Fotografia: Felipe Rocha

Não são necessárias palavras robustas para se falar de saudade. Às vezes penso naqueles dias cinzentos carregados de nevoeiro, que exigem que liguemos os mínimos logo pela manhã para que possamos ver meio metro de estrada, para saber que a saudade é isso. Um lusco fusco num caminho com tanto para trás que queremos voltar a colocar à frente.

Tenho caminhado pela cidade na tentativa de me adaptar às novas cores, de inalar este cheiro novo, de me sentir eu aqui, mas é a minha rua que me cobre a retina. Nos prédios altos vejo as casas de baixa estatura, de janelas abertas para deixar entrar o sol e a roupa lavada estendida no alto. Nas pessoas que correm por este caminho, sem nunca pronunciar um olá ou um sorriso, vejo os rostos da minha aldeia carregados de modéstia e desejo de nos cumprimentar.

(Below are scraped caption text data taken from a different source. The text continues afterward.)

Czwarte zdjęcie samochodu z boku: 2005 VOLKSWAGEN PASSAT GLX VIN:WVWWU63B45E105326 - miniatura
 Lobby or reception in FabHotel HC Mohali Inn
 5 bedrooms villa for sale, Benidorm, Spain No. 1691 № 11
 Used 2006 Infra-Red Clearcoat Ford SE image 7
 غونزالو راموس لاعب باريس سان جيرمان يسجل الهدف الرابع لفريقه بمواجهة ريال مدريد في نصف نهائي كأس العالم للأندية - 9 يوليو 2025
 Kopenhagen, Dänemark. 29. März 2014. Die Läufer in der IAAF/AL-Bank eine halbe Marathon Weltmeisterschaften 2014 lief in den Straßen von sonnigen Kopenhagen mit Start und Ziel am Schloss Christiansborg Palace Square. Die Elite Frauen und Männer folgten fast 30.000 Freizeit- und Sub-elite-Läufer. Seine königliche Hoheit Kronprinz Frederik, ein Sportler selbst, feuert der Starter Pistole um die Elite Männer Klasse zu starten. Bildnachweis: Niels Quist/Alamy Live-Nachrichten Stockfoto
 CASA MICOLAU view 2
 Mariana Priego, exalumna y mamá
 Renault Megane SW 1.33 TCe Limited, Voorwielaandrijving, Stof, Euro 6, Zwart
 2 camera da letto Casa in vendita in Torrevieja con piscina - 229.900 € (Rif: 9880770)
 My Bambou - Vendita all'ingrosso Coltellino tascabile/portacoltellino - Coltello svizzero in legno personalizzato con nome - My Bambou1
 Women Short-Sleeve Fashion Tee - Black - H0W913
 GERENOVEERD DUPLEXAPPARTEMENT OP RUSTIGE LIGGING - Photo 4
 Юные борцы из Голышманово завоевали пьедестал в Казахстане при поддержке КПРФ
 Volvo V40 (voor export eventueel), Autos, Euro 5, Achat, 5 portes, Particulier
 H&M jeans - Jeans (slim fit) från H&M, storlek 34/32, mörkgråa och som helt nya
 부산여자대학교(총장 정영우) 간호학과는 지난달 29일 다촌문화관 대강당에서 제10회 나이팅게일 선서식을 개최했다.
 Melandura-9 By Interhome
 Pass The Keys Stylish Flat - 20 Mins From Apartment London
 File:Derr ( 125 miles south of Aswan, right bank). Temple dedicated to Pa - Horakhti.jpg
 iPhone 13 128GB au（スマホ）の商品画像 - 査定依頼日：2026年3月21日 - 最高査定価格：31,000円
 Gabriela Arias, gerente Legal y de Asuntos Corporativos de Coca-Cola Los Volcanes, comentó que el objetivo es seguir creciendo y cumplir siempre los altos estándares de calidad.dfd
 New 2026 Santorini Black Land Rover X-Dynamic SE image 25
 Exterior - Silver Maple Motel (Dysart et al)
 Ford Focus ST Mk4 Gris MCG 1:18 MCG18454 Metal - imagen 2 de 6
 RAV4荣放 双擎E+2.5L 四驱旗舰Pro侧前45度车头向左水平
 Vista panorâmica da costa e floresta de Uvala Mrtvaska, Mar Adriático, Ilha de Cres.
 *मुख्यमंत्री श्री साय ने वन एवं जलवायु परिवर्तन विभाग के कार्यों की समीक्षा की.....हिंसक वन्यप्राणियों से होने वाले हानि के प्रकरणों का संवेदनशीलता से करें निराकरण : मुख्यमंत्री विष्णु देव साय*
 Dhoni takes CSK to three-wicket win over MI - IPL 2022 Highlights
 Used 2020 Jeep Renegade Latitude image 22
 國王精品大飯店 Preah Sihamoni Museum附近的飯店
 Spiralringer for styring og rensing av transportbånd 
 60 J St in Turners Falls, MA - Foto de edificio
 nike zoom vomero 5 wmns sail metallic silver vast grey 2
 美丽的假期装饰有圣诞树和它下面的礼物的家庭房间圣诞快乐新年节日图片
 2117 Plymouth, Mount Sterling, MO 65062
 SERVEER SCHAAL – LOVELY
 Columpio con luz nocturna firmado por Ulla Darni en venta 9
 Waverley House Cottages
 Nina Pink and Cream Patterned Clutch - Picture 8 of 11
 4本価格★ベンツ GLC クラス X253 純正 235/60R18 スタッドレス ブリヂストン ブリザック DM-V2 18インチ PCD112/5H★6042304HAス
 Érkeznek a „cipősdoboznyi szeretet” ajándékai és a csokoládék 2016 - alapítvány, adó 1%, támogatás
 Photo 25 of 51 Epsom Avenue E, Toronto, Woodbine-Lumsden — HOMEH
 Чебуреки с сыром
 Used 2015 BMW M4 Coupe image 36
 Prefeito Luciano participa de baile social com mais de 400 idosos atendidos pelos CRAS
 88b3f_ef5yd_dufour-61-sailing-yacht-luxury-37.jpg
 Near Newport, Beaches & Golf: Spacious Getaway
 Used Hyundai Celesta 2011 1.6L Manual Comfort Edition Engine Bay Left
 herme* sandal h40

A vida já não é a mesma. Não é. O meu coração continua naquele aeroporto, preso aos últimos abraços, preso à angustia da partida. Julgo que nunca parti. Ainda percorro a calçada meia atrapalhada nas pedras incertas, com o cheiro a mar ali tão perto e aqueles que se amam ainda mais perto. Mas ainda tenho os sonhos e embrulhar-me neles dia fora sabe ao som das palavras que me enchem a vida.

É. Parece que nada mudou. Sei que a minha mãe - que saudades - está a cozinhar bacalhau porque é Segunda-feira, o meu pai - que saudades - está sentado em frente a ler o jornal e a ouvir o Preço Certo na televisão e o meu sobrinho - que saudades - corre de um lado para o outro, pronunciando coisas que ninguém entende, mas aos quais todos sorriem. Haverá mais gente depois do jantar. Os meus irmãos - que saudades -, os restantes sobrinhos - que saudades - numa confusão de uma ensurdência quente. Eu chegarei a casa dentro de momentos, quando já todos começaram a jantar e esperam a minha buzina para me abrir a porta da garagem.

Esperem só um pouco. Não tarda nada estarei à porta.